**PROBLEM STATEMENT**
The listing below should be written out word for word, with its pictures removed.

**INPUT DATA**
==*==

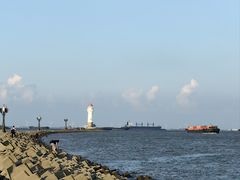 -上海吴淞炮台湾国家湿地公园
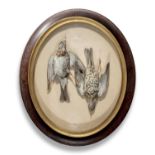 Taxidermy: A set of four Ledot of Paris wall cases, French, late 19th century, comprising a brace of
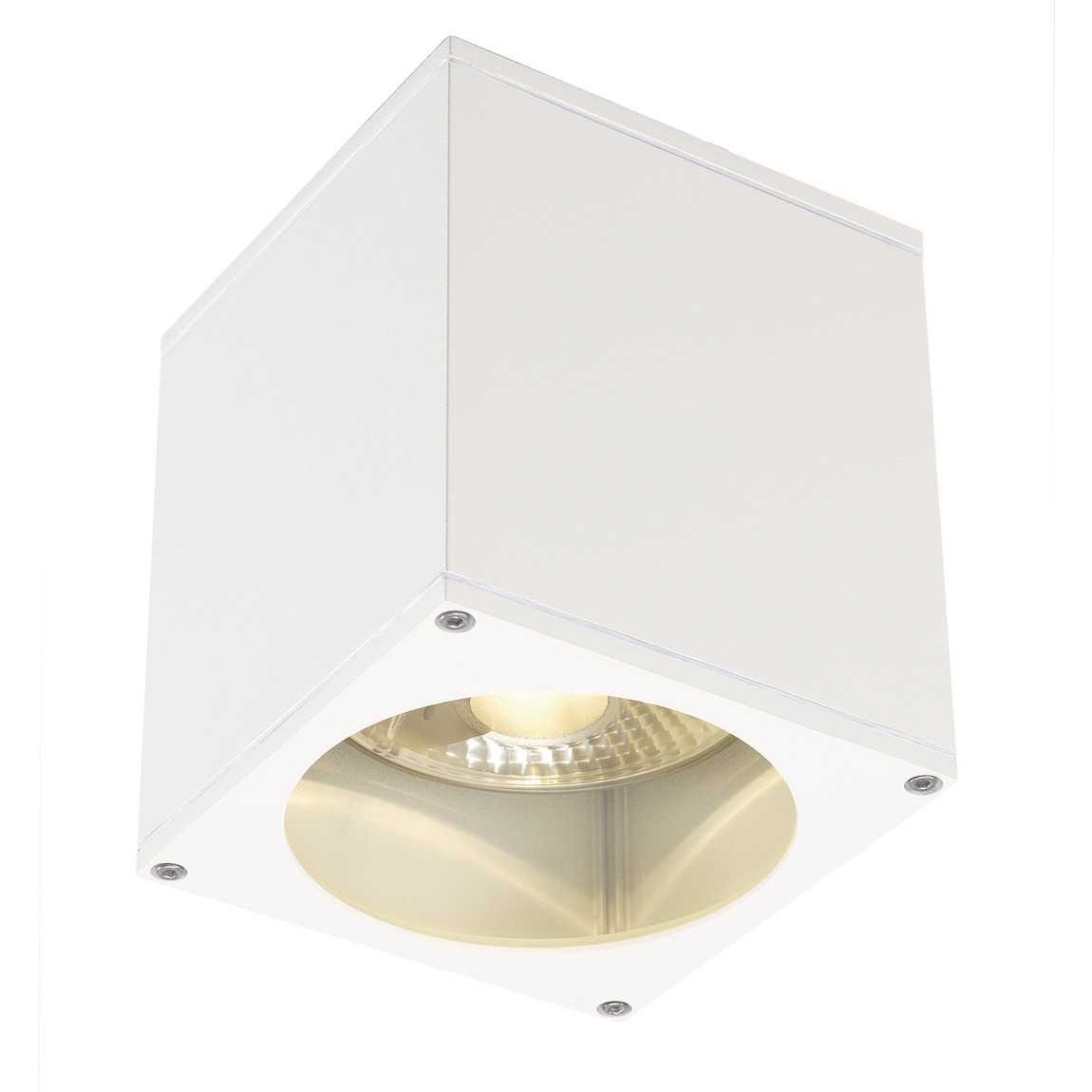 SLV 229551 BIG THEO CEILING OUT светильник потолочный IP44 для лампы ES111 75Вт макс., белый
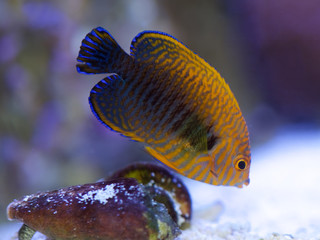 Wall Mural - potter's angelfish, centropyge potteri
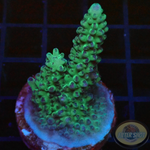 Acropora spp. WYSIWYG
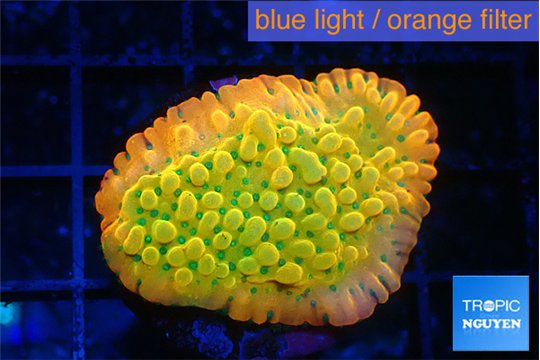 Montipora kungpao sunset phoenix 3-4 cm WYSIWYG acclimaté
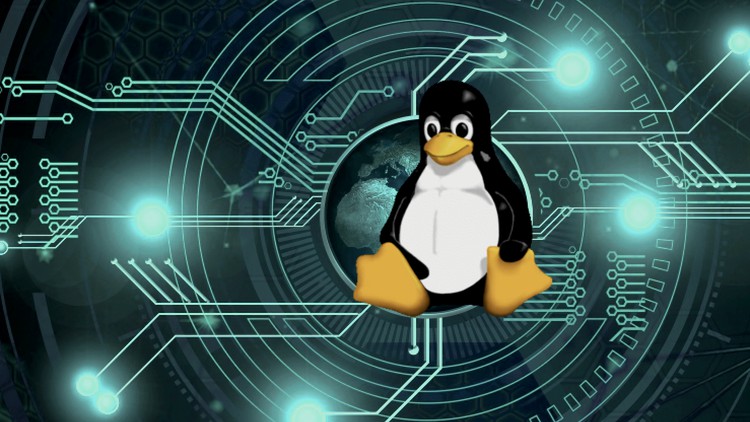 Read more about the article Linux for Beginner to Intermediate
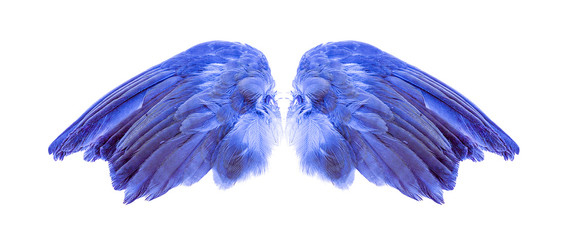 Angel wings on white background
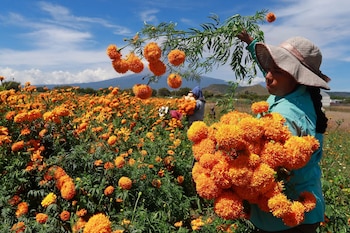 DIA DE MUERTOS - MEXICO - 23102020
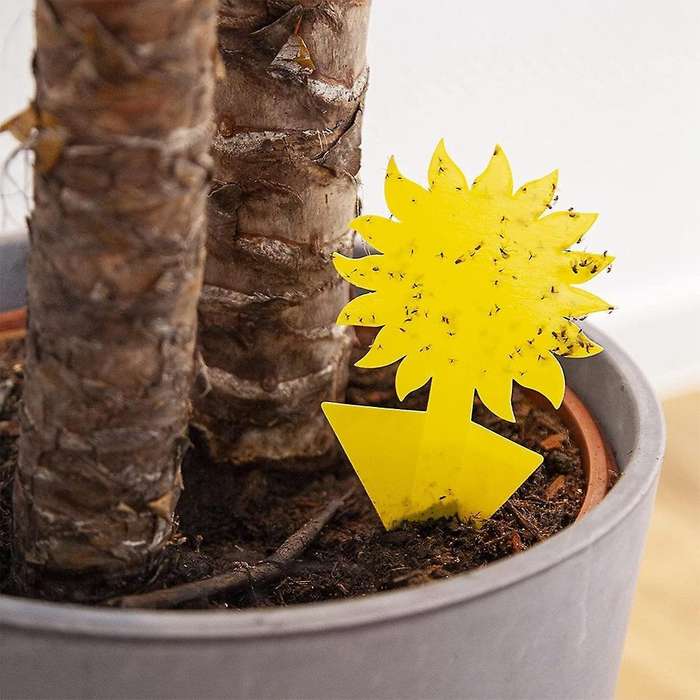 Yellow Sticker Gnats: 60 X Insecticide-free Adhesive Traps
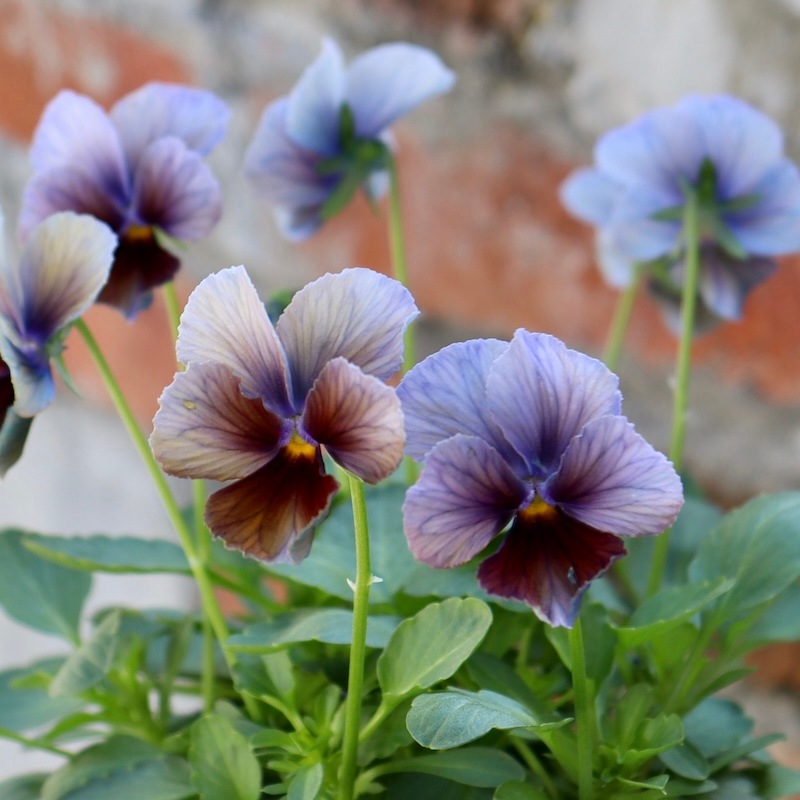 今シーズンのNEW現品1点限り☆サトウ園芸さんのビオラ・ヌーヴェル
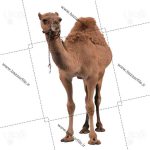 تصویر شتر فرمت png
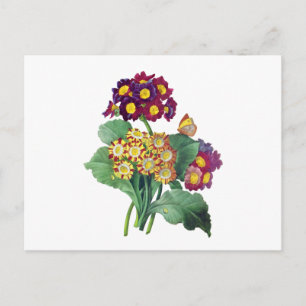 Cartão Postal Primula Auricula - Cowslip - Pierre Joseph Redoute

==*==

**ANSWER TO THIS TASK**
 -上海吴淞炮台湾国家湿地公园
 Taxidermy: A set of four Ledot of Paris wall cases, French, late 19th century, comprising a brace of
 SLV 229551 BIG THEO CEILING OUT светильник потолочный IP44 для лампы ES111 75Вт макс., белый
 Wall Mural - potter's angelfish, centropyge potteri
 Acropora spp. WYSIWYG
 Montipora kungpao sunset phoenix 3-4 cm WYSIWYG acclimaté
 Read more about the article Linux for Beginner to Intermediate
 Angel wings on white background
 DIA DE MUERTOS - MEXICO - 23102020
 Yellow Sticker Gnats: 60 X Insecticide-free Adhesive Traps
 今シーズンのNEW現品1点限り☆サトウ園芸さんのビオラ・ヌーヴェル
 تصویر شتر فرمت png
 Cartão Postal Primula Auricula - Cowslip - Pierre Joseph Redoute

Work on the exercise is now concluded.